Benjamin Moore Newburyport Blue HC-155: A Softer Navy?
Paint Colors

Benjamin Moore Newburyport Blue HC-155: A Softer Navy?

2026-07-09 5 min read
Editor’s note: this article uses American spelling (color, gray, neighborhood) and US measurements. Prices are shown in USD and square footage where relevant.
Is Benjamin Moore Newburyport Blue HC-155 blue or gray? See its real RGB and undertone, how it compares to Hale Navy, best rooms, and the trim that suits it.

Benjamin Moore Newburyport Blue (HC-155) is the navy I reach for when a homeowner loves the drama of a deep blue wall but keeps hesitating because Hale Navy feels almost black. Newburyport lives one number over on the fan deck, and that small shift matters: it is a shade lighter and holds onto its blue a little more clearly, so the room reads as a rich, softened navy rather than a near-black one. It stays legible as blue where its famous neighbor grays down toward near-black.
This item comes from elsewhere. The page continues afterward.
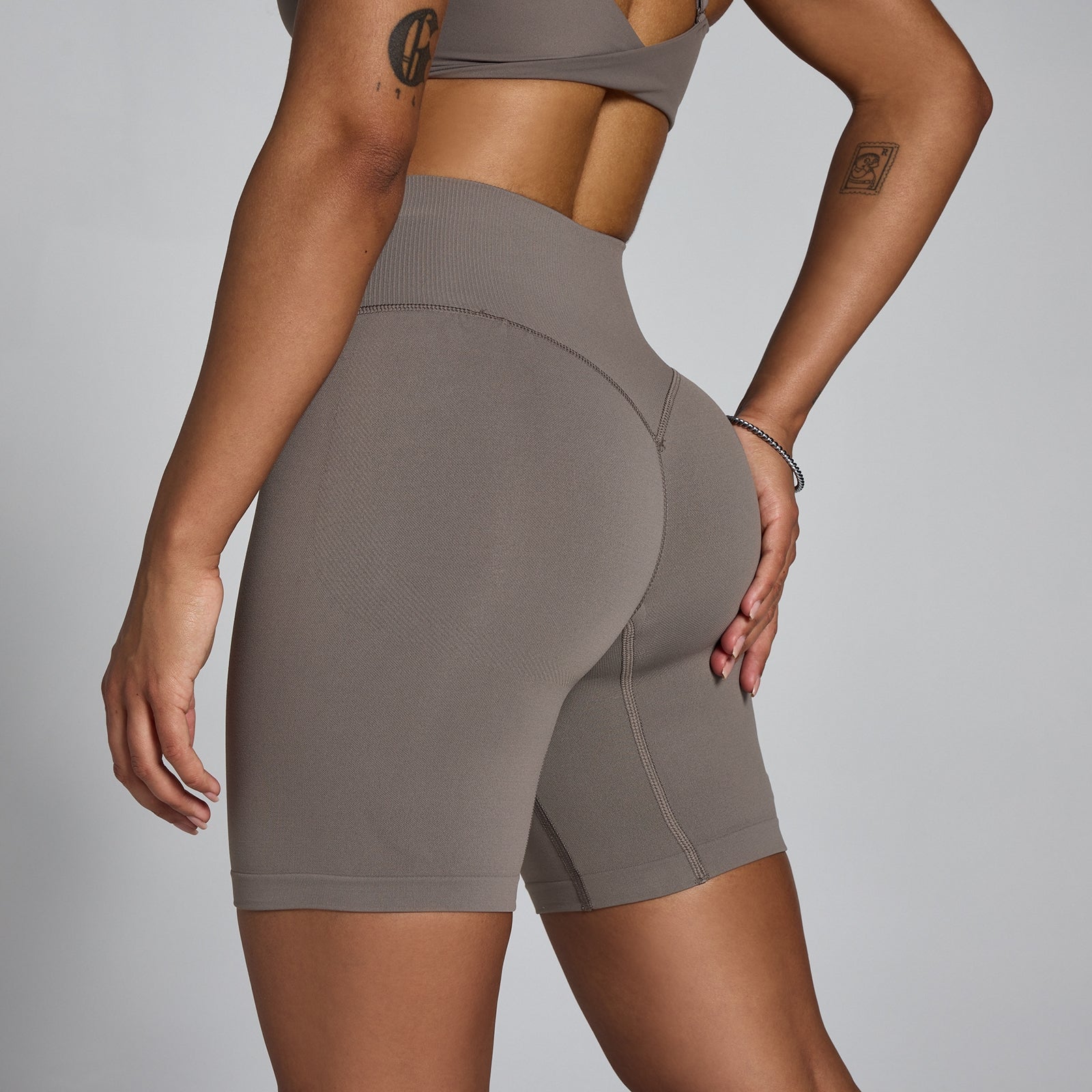 レディース｜トレーニング＆ジムショートパンツ | Myprotein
The specifics: Newburyport Blue HC-155 is part of Benjamin Moore's Historical Color collection, with a hex of #465566 (RGB 70, 85, 102) and a very low LRV that puts it squarely in deep-navy territory. Its blue channel sits well above the red, which is why it keeps a true blue lean instead of tipping to charcoal. On the strip it sits just above Hale Navy HC-154 and below Van Deusen Blue HC-156. This profile is one stop in our wider Benjamin Moore interior paint colors guide. Here is how Newburyport actually behaves on interior walls.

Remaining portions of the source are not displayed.